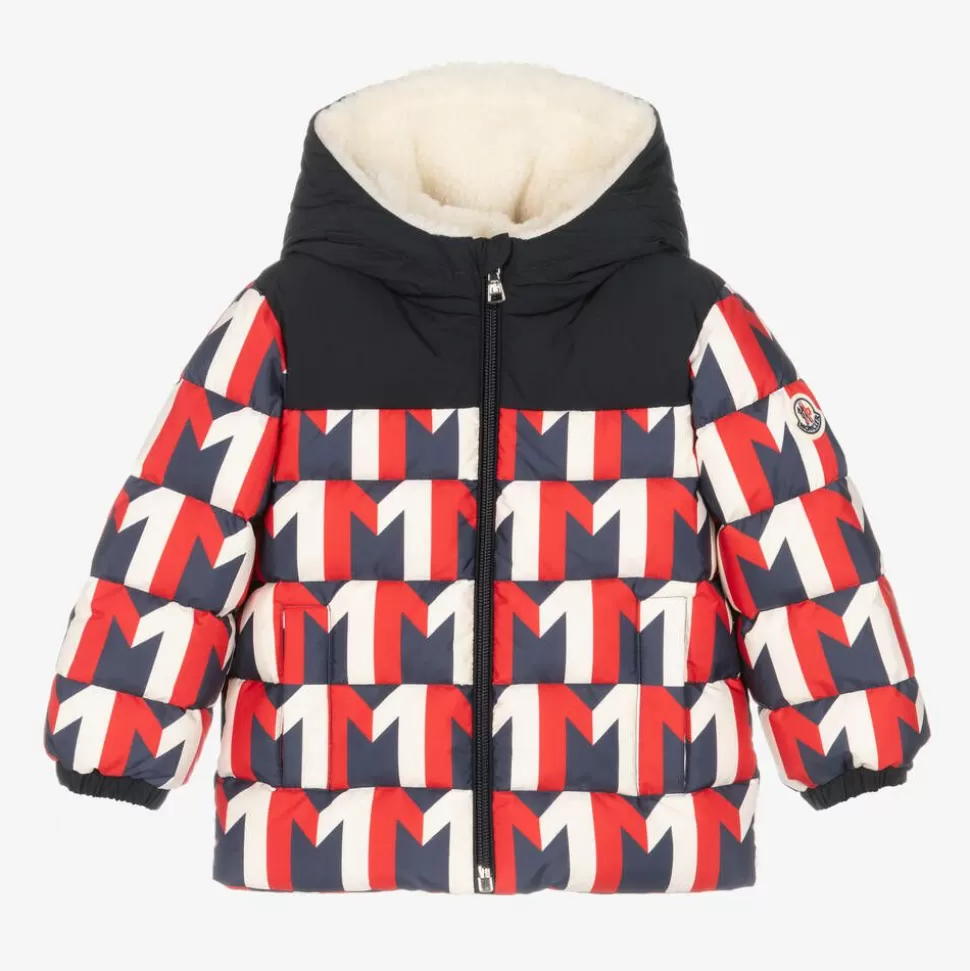 Moncler Enfant Boys Red & Blue Down Padded Eddie Coat^BOY Coats & Jackets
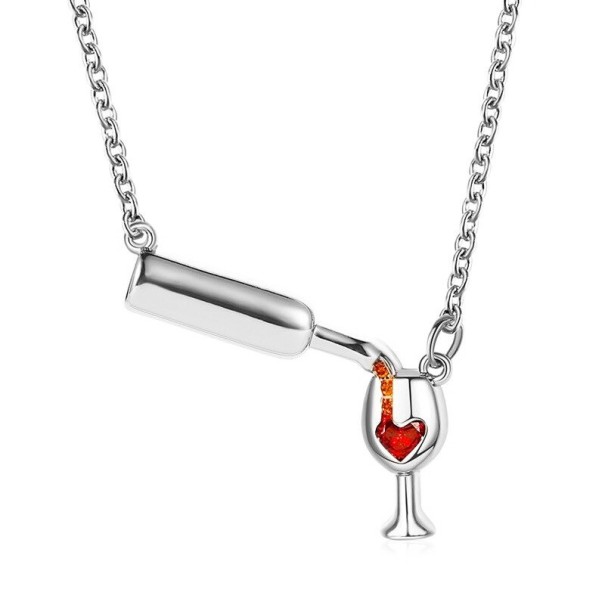 Ladies' Necklace with Bottle and Glass Pendant silver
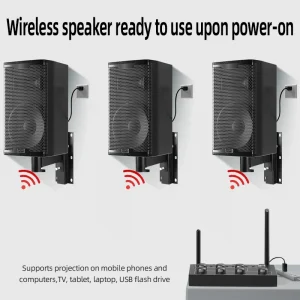 Professional Wireless 8-Inch Metal Wooden Subwoofer for Hi-Res Audio in Conference Bars and Restaurants with Wall Mount Installation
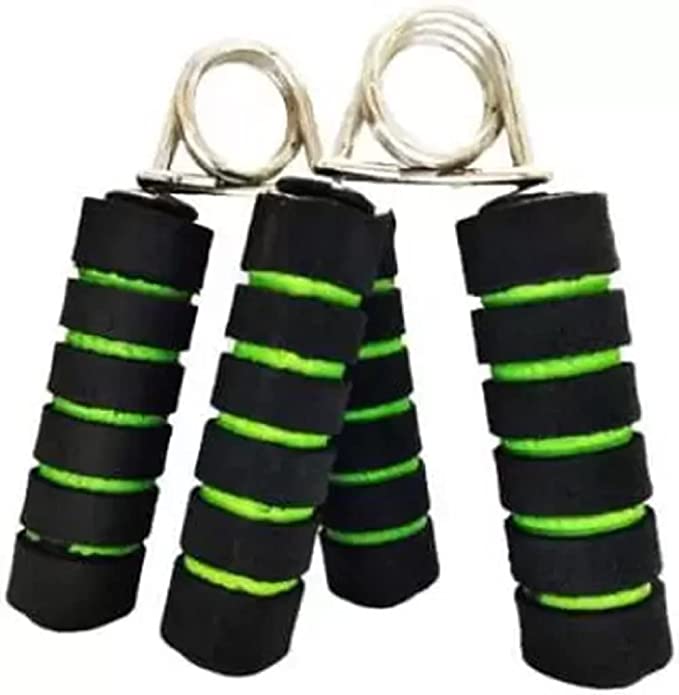 SPANCO Pack of 2 ( One Pair ) Hand Gripper Wrist Exerciser Fitness Foam Hand Grip for Gym Stretching Hand strengtheners for Men Women (Black & Green)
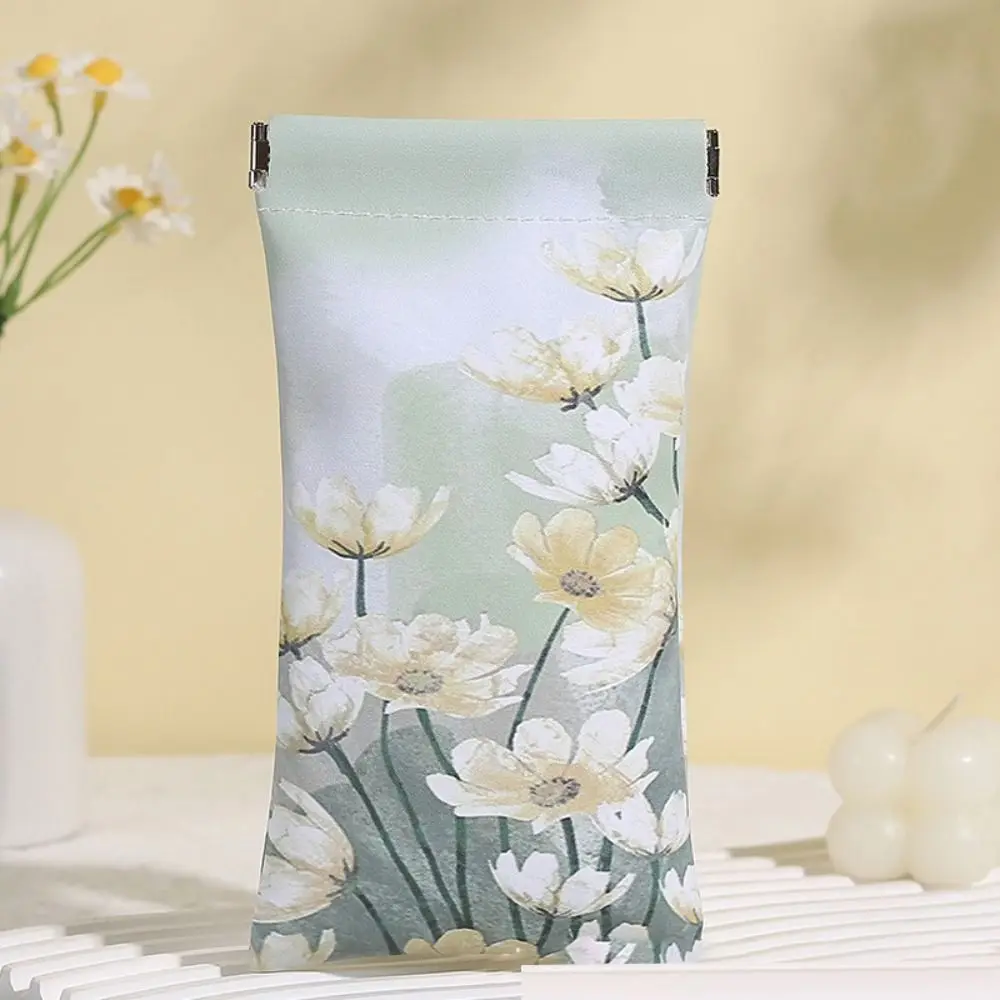 Oil Painting Sun Glasses Case PU Leather Automatic Closing Glasses Box Waterproof Portable Sunglasses Protective Cover Female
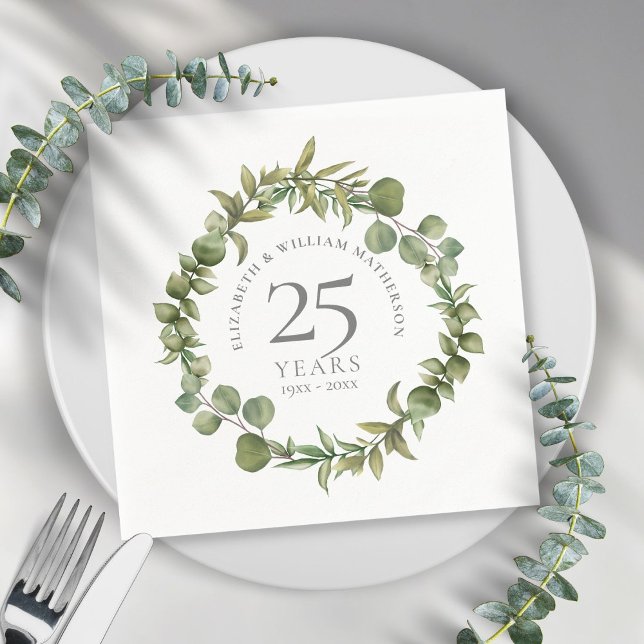 Serviette En Papier 25e anniversaire Mariage d'argent Végétation flora (Créateur téléchargé)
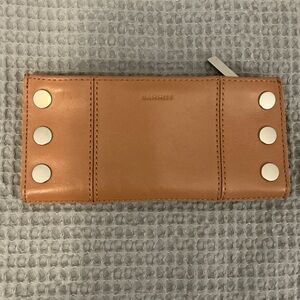 Hammitt 110 North Leather Wallet Tan with Silver Hardware and Rivets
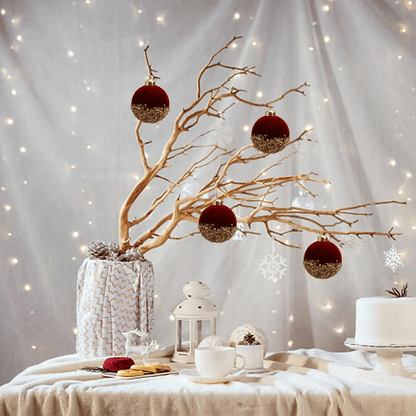 VelvetGlitz 3-Inch Red Velvet & Sequin Christmas Balls Set (Premium Glitter Ornaments for Tree and Party Decor)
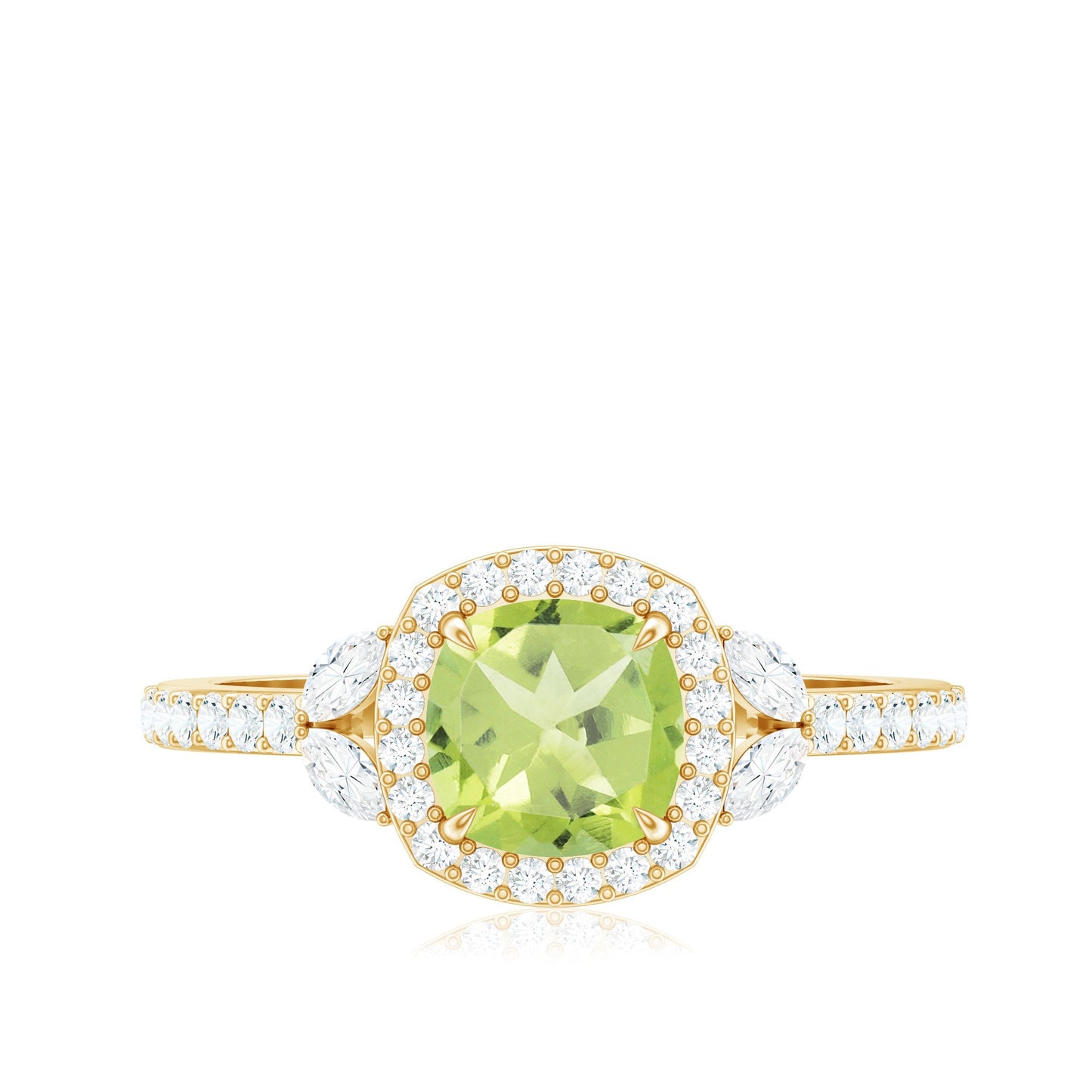 Natural 2 Carat Peridot Cushion Cut Engagement Ring with Diamond Halo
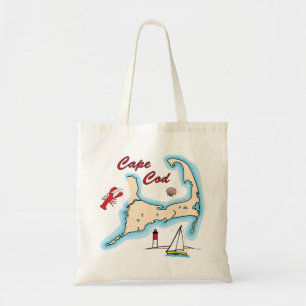Cape Cod Map Illustration Lobster Sailboat Shell Tote Bag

## Work task
Look above for the line with "Ladies' Necklace with" and the line with "SPANCO Pack of"; set down those two lines and all lines between them exactly, without pictures and without anything else.

## Exercise output
 Ladies' Necklace with Bottle and Glass Pendant silver
 Professional Wireless 8-Inch Metal Wooden Subwoofer for Hi-Res Audio in Conference Bars and Restaurants with Wall Mount Installation
 SPANCO Pack of 2 ( One Pair ) Hand Gripper Wrist Exerciser Fitness Foam Hand Grip for Gym Stretching Hand strengtheners for Men Women (Black & Green)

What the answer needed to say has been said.